Aber wie sieht es mit jüdischen Fußballspielern aus Israel aus, die aktuell bei ausländischen Vereinen in Europa unter Vertrag stehen? Haben sie es eilig, nach Israel zurückzukehren?

„„In diesen Tagen ist es definitiv alles andere als leicht, in Europa Jude zu sein", so ein israelischer Fußballspieler, der anonym bleiben möchte. „„Meine Frau und ich sprechen nicht auf Hebräisch miteinander, wenn wir unterwegs sind. Vor allem wenn wir uns in arabisch dominierten Vierteln bewegen oder uns in der Nähe von arabischen Restaurants aufhalten. Aufgrund der Terrorgefahr in ganz Europa machen wir gerade sehr anstrengende Zeiten durch. Darum sind wir mittlerweile auch viel vorsichtiger als vorher."

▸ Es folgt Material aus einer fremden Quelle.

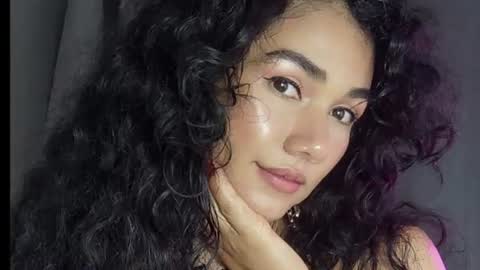 Abbi mooncb online show from June 26, 2026, 1:59 pm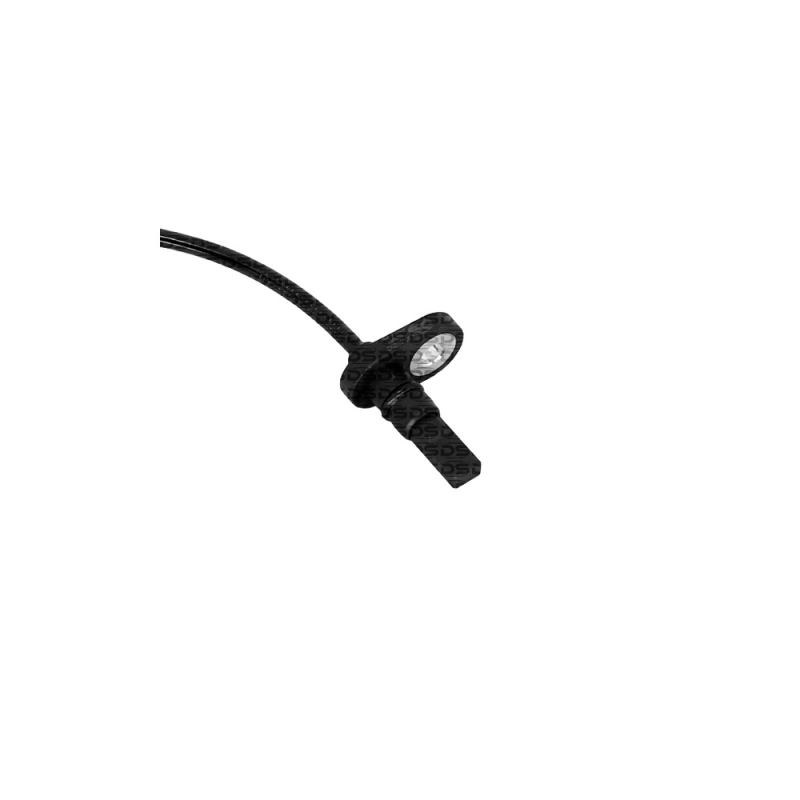 Sensor ABS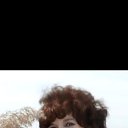 ���� �������, ������, 62 ���� - ��������� 16 ����� 2026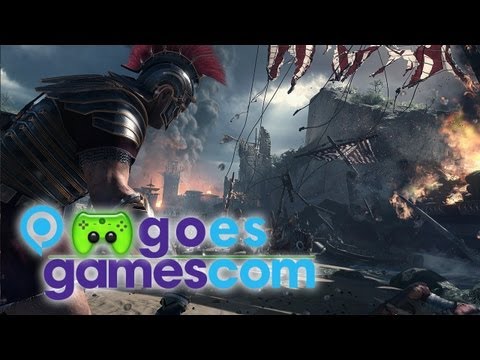 YouTube Preview Image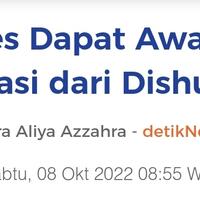 sabet-hattrick-penghargaan-bappenas-ganjar-dinobatkan-jadi-mentor-pembangunan-daerah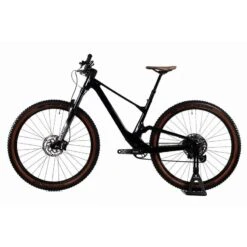 Reconditionné - VTT - Scott Spark - 2023 - TRES BON -Vélo Expert reconditionne vtt scott spark 2023 tres bon 6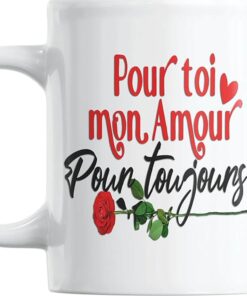 mug-pour-toi-mon-amour-pour-toujours-image-principale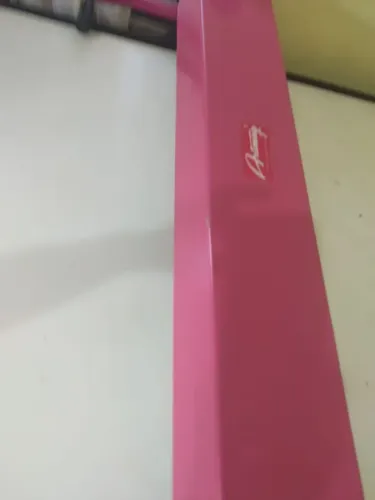 MAQUINA DE CORTE ARTMAK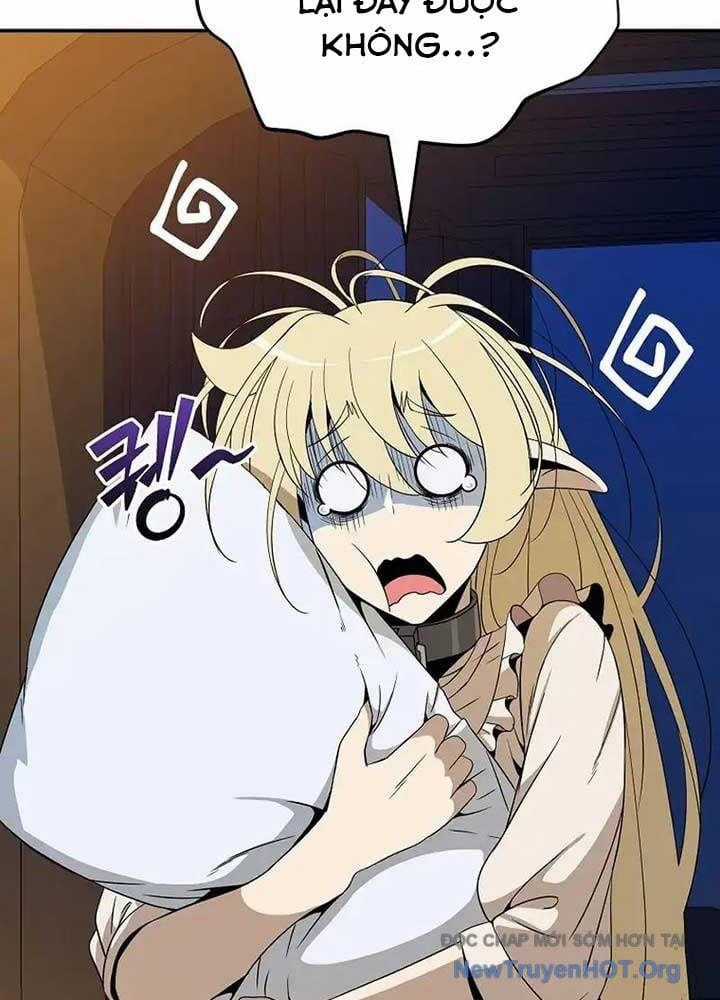 Pháp Sư Hệ Theo Lượt - Chapter 16 - Trang 74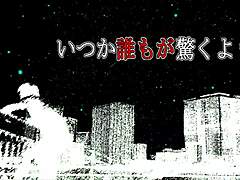 Watch Praying Run Music Video Capture Spiritual Journey Rhythm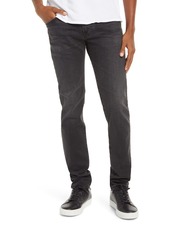 AG Adriano Goldschmied Dylan Extra Slim Fit Jeans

Foto via WikiMedia Commons

Zur selben Zeit betont Tomer Hemed, der schon seit Jahren erfolgreich in der ersten spanischen Liga spielt und aktuell für UD Almería auf Torejagd geht, dass er sich keine Sorgen macht. Er glaubt, dass es in Spanien viel sicherer ist als in anderen europäischen Ländern. Außerdem ist er stolz darauf, als Israeli in Europa zu leben. „„Ich bin jetzt nicht nervöser als vor den Anschlägen", so Hemed. „„Ich fühle mich sicher und wohl in dieser Stadt. Hier ist alles gut."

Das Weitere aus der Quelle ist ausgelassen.